Sir Charles a l’attention de m’informer par un Courrier, qu’il est arrivé à Douvres. Il a trouvé la Marquise & le Seigneur Jéronimo fort indisposés, de leurs fatigues d’esprit & de corps. Toute la noble Famille l’a reçu avec une joie inexprimable. Il suppose qu’ils passeront encore cette journée à Douvres. Demain, si la Marquise est en état de soutenir le voyage, ils partiront tous ensemble, pour s’avancer vers Londres, autant que leur santé le permettra. Ainsi je ne compte pas qu’ils puissent arriver avant Samedi. Mon cher Sir Charles a cru que son absence devant durer deux jours de plus qu’il ne s’y attendoit, elle causeroit trop d’inquiétude à son Henriette, s’il ne l’en informoit pas. Rien n’est plus sûr ; & s’il ne lui rendoit pas cette justice, comme elle n’a pas d’autre regle pour s’estimer, que l’estime qu’il fait d’elle, elle se trouveroit extrêmement rabaissée à ses propres yeux.

Il me charge d’assurer Clémentine qu’elle trouvera ses Parens disposés à faire tout ce qui dépendra d’eux pour la rendre heureuse. Le ressentiment, dit-il, n’a pas la moindre part à leur entreprise, ils ne respirent que tendresse & réconciliation.

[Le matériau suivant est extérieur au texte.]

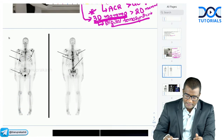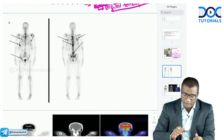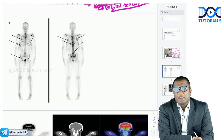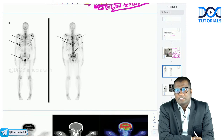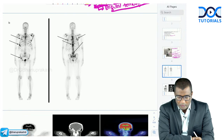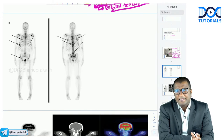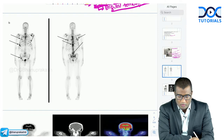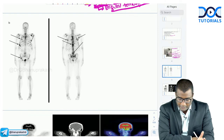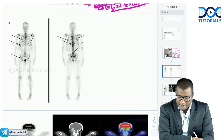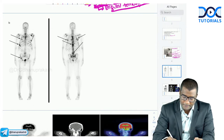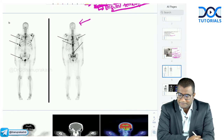Moving to the next image — what investigation is shown here? Is it a CT scan, MRI, PET scan, or another investigation? What do you think this image represents?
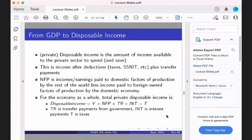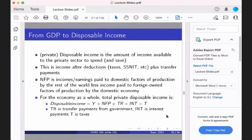NFP is income or earnings paid to domestic factors of production by the rest of the world, less income paid to foreign factors here. We know that already. What we are interested in for this class is the arithmetic behind the definition of disposable income.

Cette Lettre, ma chere Grand-Maman, ne partira point, que je ne puisse vous apprendre leur arrivée.

Samedi au soir, 13 Mars.

Je reçois à l’instant ce billet de Sir Charles.

Samedi, à 4 heures après-midi.

Mon très-cher Amour apprendra volontiers que nos Amis sont heureusement arrivés dans Grosvenor-Square. J’ai jugé que ce seroit épargner de la fatigue à mon Henriette, & leur en causer moins, de les mettre tout de suite en possession de leur demeure, plutôt que de les conduire dans S. James-Square, comme ils le desiroient, pour y faire leurs premiers complimens. Madame Bémont s’est chargée de la distribution des appartemens. Tout le monde sera fort à l’aise. Le Seigneur Jules aura son logement chez nous. Quelle admirable attention, quelle complaisance que la vôtre ! Un repas si élégant, préparé, comme je l’apprends par votre propre direction, pour l’heure à laquelle ils souhaiteront d’être servis. On me dit que vous avez emprunté une Servante de chacune de nos Sœurs & une de Madame Reves, que vous joignez à deux des vôtres pour le service de cette Maison. Dans chaque occasion, sur chaque point, vous me ravissez par votre bonté & votre grandeur d’ame.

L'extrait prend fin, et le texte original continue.